Sebenarnya nggak ada self-healing yang menyenangkan selain beli buku.
Entah kenapa rasanya menyenangkan sekali kalau sudah beli buku baru.
Aku masih ingat ketika zaman kuliah cerita mas Ippho, “saya lebih milih nahan lapar, dibanding rela nahan beli buku.”
Bahkan zaman masih SMA, tahun dimana baru suka baca, aku menyisihkan uang jajan harian, lalu di hari sabtunya aku pergi dengan Habib ke Gramedia buat beli buku baru.
Suatu hari aku belum makan siang, tapi masih kuat jika sampai rumah. Karena arah pulang dari kampus ke rumah se-arah, maka aku putuskan untuk mampir.

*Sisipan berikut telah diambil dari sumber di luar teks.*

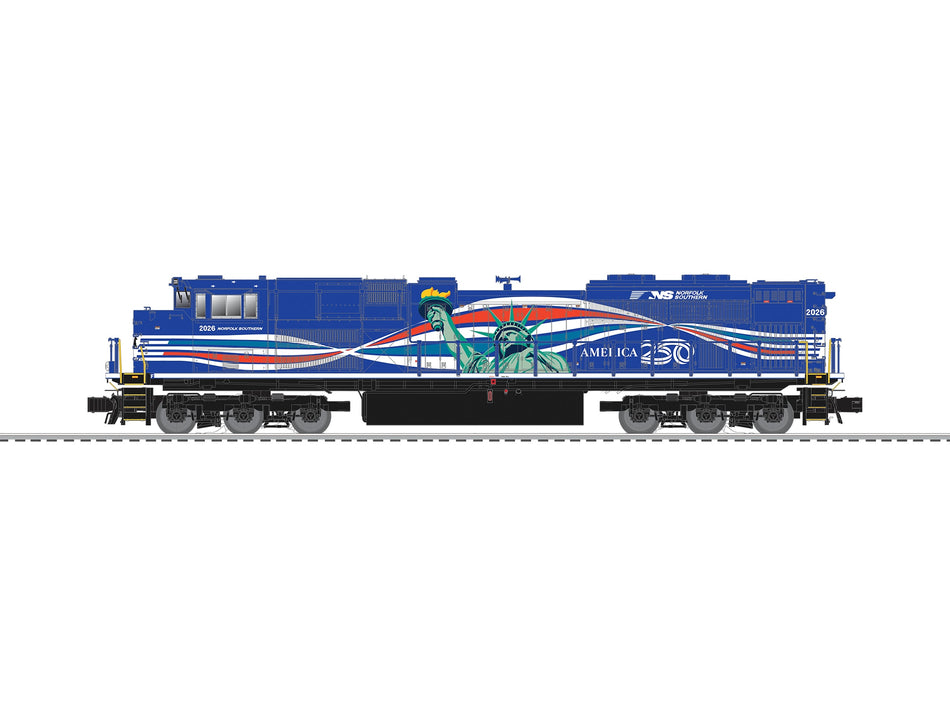 NORFOLK SOUTHERN NON-PWD SD70ACE #2026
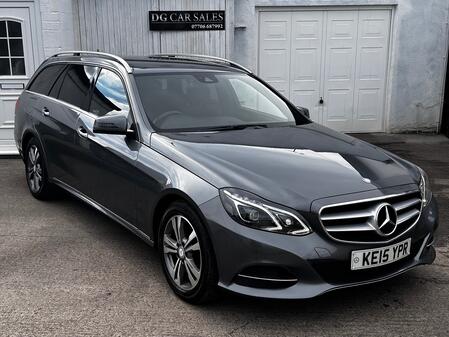 MERCEDES-BENZ E CLASS 2.1 E220 BlueTEC SE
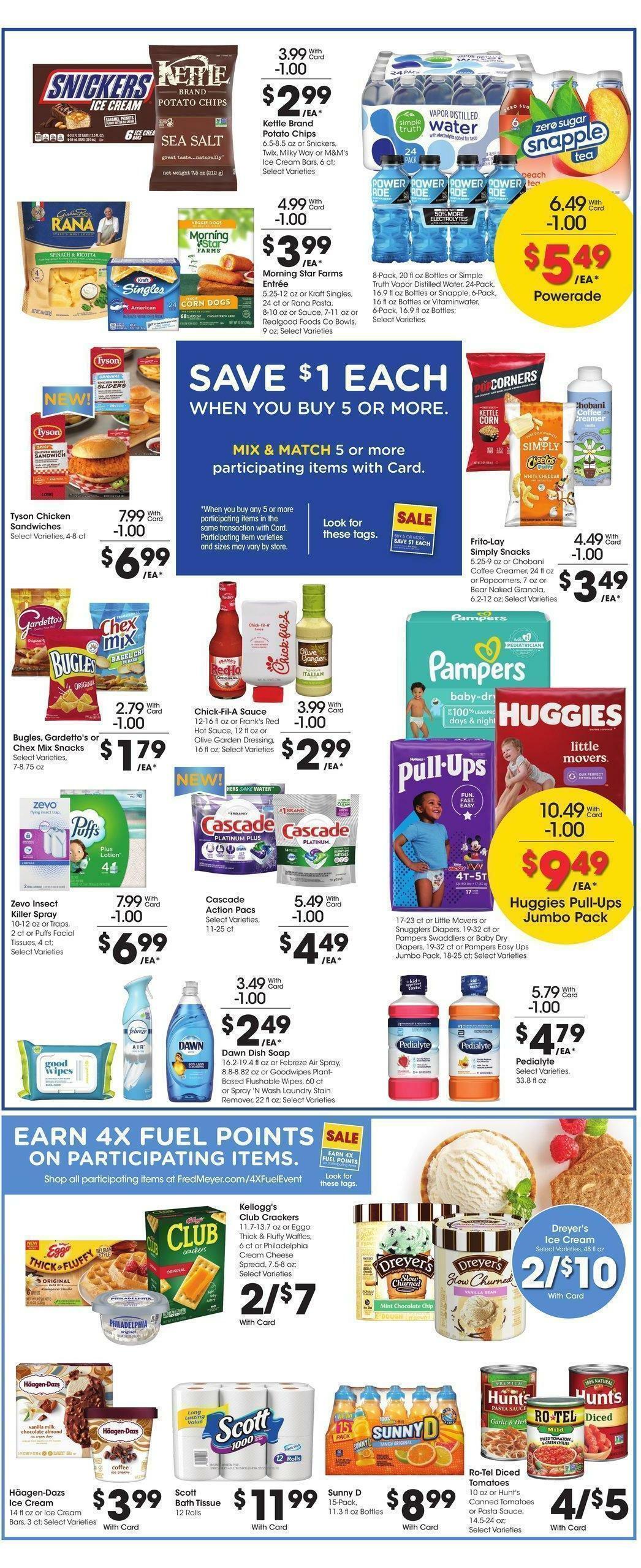 Fred Meyer Weekly Ad from May 10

Ketika ketemu buku bagus, aku bergumam, “bagaimana kalau besok nggak ada ongkos?”, tapi dengan segala pertimbangan—yang cepat, aku tetap putuskan untuk beli buku tersebut.
Kenapa?
Karena aku nggak ingin melewatkan momen yang mana saat itu aku butuhkan.
Mungkin aku bisa melewatkan makan siang di luar, lalu menggantikany makan siang di rumah, meski telat 1 – 2 jam, dan masih bisa ditoleransi.
Daripada aku harus menunda informasi yang masuk kepadaku. Mestinya aku sudah paham, tapi karena aku tunda, aku jadi terlambat untuk memahaminya.
Alhasil perubahan yang terjadi juga tertunda.
Seperti kata pepatah arab, “otak tidak seperti perut yang ngasih tahu kalau lagi kosong.”
So, beruntunglah yang membiasakan diri untuk terus upgrade diri melalui buku.